O Nono Passo do Alcoólicos Anônimos: Reparação, Reconciliação e Transformação Ética

Por Raique Almeida

 

            O Nono Passo dos Alcoólicos Anônimos (AA) é formulado da seguinte maneira: “Fizemos reparações diretas de tais danos sempre que possível, salvo quando fazê-lo pudesse prejudicar a eles ou a outrem” (ALCOÓLICOS ANÔNIMOS, 2001). Esse passo é a concretização prática do Oitavo, em que se fez a lista das pessoas prejudicadas. Aqui, o movimento exige uma ação efetiva, colocando o dependente em contato real com as consequências de seus atos e convidando-o à responsabilidade e à reconciliação.

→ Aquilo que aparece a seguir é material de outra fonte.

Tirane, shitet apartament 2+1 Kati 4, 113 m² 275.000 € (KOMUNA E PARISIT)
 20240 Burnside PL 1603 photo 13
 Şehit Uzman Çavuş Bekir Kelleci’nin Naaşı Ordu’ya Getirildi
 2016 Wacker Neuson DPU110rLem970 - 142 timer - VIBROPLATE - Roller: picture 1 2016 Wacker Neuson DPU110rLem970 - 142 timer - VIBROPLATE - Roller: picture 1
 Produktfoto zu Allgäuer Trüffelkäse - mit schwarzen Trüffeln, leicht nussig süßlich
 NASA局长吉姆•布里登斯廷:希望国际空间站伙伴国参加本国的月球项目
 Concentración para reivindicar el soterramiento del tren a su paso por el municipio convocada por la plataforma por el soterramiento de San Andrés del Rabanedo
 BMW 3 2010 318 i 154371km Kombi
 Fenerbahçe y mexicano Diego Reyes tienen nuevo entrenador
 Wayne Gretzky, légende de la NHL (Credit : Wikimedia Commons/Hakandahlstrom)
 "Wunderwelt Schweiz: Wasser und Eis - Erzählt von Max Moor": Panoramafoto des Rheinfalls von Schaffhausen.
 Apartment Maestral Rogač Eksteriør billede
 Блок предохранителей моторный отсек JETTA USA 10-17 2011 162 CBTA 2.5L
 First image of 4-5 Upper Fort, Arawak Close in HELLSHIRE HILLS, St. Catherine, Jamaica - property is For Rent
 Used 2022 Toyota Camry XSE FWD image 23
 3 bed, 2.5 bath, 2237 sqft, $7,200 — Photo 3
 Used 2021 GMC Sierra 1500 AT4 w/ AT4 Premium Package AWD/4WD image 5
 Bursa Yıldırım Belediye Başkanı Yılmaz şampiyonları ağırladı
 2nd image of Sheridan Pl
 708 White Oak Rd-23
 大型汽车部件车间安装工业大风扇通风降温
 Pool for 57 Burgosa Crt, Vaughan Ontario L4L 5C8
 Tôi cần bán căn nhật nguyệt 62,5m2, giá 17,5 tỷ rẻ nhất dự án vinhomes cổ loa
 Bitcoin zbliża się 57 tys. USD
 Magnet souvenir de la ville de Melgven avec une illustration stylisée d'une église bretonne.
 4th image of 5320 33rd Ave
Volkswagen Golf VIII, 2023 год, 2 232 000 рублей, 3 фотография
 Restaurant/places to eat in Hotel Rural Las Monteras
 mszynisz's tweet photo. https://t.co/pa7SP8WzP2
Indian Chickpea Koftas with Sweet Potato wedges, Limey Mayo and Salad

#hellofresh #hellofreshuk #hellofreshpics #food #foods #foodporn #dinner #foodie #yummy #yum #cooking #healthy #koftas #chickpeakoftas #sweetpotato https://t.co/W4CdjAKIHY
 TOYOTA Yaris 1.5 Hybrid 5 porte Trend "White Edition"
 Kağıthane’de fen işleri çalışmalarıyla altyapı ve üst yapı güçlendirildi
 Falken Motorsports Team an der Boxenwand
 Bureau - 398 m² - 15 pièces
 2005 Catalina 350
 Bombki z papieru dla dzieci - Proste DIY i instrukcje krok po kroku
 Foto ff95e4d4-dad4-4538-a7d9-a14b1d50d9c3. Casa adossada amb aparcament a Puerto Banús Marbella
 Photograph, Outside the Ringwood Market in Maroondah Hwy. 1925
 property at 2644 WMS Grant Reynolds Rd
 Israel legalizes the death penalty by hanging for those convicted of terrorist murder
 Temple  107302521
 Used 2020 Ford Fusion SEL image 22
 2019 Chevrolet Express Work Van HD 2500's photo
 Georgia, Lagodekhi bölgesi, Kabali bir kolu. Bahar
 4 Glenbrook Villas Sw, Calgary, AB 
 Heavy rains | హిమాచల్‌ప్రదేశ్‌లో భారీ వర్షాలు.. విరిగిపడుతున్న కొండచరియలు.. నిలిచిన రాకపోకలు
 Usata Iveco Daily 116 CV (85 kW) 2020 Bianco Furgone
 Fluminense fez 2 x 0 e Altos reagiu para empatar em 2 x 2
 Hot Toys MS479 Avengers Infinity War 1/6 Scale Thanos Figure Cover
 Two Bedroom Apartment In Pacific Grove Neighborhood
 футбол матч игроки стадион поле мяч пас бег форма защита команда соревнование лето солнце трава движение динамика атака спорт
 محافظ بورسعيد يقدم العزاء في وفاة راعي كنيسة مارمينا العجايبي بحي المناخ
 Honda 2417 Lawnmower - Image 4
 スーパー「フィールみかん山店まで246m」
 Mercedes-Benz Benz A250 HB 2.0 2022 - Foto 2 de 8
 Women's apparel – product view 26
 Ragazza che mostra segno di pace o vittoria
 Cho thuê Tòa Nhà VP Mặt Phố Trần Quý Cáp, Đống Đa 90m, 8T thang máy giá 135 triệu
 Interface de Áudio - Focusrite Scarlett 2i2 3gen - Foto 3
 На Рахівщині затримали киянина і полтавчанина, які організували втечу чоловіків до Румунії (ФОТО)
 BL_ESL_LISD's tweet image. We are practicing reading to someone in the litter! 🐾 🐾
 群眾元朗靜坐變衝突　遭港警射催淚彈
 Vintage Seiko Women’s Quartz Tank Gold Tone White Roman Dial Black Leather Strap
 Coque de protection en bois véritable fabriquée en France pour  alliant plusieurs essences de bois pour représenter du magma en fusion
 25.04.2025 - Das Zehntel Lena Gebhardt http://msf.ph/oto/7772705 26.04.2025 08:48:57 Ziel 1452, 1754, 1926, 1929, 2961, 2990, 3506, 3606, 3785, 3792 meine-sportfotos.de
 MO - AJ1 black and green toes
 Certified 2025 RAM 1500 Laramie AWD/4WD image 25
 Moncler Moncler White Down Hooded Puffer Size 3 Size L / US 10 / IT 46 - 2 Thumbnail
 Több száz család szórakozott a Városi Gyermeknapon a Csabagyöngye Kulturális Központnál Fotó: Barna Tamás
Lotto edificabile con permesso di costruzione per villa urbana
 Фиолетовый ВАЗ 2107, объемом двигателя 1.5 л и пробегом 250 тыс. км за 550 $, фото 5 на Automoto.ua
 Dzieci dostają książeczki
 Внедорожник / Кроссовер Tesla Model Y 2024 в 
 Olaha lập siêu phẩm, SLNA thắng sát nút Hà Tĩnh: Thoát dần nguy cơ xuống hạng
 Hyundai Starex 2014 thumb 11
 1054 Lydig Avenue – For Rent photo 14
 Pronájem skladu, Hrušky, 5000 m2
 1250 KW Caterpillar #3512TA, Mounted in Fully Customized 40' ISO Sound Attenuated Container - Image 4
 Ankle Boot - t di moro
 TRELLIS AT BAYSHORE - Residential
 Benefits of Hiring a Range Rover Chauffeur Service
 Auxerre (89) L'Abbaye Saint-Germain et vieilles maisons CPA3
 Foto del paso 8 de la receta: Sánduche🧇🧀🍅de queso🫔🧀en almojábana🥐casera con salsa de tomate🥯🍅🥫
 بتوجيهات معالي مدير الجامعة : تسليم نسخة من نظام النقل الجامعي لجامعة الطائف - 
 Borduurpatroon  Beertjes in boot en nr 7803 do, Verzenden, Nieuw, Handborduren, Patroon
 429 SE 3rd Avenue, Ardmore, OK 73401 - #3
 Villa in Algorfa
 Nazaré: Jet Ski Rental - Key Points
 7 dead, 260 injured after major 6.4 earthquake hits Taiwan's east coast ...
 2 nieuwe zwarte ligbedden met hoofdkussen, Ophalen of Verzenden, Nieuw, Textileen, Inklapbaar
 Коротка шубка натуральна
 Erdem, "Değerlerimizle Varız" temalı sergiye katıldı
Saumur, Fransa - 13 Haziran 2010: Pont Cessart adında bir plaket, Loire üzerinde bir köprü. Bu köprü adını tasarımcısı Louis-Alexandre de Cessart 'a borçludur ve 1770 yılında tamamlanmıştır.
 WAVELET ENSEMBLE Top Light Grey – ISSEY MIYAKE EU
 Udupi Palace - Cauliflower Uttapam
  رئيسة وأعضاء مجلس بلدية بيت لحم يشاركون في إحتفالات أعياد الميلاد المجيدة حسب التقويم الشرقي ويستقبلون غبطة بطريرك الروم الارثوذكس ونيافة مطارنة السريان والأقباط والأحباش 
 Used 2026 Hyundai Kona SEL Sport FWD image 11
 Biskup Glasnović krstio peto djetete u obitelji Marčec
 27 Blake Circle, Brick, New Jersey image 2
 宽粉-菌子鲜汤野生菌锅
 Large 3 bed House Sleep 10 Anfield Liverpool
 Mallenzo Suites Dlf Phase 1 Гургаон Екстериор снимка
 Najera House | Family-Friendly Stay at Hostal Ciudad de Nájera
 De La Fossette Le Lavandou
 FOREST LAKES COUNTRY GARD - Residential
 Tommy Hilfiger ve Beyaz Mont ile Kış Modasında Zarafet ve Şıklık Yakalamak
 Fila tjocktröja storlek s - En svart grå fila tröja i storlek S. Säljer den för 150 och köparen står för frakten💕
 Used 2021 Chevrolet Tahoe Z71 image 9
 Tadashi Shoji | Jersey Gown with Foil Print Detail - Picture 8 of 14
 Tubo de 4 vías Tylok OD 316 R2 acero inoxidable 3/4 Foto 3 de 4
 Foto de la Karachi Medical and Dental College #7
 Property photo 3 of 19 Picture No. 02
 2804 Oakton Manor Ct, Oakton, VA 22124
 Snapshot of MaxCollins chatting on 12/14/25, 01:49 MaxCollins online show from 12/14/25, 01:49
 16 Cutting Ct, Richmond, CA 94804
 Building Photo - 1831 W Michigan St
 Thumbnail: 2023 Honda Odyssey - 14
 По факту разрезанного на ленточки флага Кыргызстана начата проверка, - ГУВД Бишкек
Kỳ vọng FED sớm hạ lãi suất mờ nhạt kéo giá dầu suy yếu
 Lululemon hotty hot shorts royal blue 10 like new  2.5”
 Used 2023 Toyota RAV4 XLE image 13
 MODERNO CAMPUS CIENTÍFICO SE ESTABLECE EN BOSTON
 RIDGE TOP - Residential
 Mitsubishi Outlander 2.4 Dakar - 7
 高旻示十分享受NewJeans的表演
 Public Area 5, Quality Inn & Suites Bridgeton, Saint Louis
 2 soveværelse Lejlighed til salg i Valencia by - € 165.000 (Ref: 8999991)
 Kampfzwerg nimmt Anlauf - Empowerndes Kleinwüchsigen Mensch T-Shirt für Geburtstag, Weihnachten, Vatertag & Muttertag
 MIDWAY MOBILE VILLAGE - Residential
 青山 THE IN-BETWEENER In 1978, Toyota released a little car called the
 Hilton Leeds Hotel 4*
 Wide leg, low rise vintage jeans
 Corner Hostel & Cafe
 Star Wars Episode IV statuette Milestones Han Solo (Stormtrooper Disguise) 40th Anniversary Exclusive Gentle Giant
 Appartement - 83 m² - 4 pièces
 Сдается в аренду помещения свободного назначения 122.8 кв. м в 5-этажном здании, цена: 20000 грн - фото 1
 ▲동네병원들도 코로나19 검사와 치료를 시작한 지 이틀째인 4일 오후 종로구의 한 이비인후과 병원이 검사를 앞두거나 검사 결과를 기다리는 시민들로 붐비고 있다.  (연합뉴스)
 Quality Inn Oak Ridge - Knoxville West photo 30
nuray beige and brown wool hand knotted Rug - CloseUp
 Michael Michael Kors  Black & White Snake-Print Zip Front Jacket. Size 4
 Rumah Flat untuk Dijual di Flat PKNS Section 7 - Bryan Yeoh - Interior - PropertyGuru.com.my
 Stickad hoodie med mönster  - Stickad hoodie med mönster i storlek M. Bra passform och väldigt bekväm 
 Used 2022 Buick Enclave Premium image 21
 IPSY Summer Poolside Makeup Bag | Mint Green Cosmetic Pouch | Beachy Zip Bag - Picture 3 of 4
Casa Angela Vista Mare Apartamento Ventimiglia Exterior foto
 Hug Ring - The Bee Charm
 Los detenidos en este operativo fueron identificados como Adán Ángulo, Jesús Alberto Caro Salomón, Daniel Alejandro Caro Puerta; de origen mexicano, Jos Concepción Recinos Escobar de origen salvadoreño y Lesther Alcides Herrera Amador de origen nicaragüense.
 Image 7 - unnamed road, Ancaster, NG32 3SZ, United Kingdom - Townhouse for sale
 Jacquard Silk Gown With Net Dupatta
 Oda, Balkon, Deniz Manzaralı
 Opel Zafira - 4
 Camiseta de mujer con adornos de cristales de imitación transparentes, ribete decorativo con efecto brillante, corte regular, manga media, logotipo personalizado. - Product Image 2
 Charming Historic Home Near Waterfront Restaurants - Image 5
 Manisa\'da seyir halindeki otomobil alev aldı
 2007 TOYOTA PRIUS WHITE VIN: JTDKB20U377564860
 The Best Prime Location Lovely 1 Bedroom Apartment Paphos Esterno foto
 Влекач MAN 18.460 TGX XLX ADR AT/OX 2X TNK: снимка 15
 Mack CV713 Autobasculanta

            A reparação direta, proposta pelo Nono Passo, vai além de um pedido verbal de desculpas. Segundo Pechansky e Szobot (2002), a dependência química provoca danos múltiplos no âmbito familiar e social, de ordem emocional, material e espiritual. Nesse sentido, a reparação constitui não apenas uma restituição concreta, mas também um exercício ético, de reconstrução da confiança e de reinserção social. É uma prática que simboliza o amadurecimento do indivíduo em processo de recuperação, ao assumir-se como sujeito responsável pelas consequências de sua história.

            Sob a ótica psicológica, Carl Rogers (1997) afirma que o encontro humano se dá a partir da autenticidade e da congruência. O ato de reparar é congruente quando parte de uma postura sincera, livre de manipulações, sustentada pelo desejo genuíno de restaurar a dignidade do outro e a própria. Nesse processo, o dependente deixa de agir de modo egocêntrico e passa a reconhecer o outro como sujeito de direitos e de valor. Essa mudança de perspectiva é, em si, terapêutica.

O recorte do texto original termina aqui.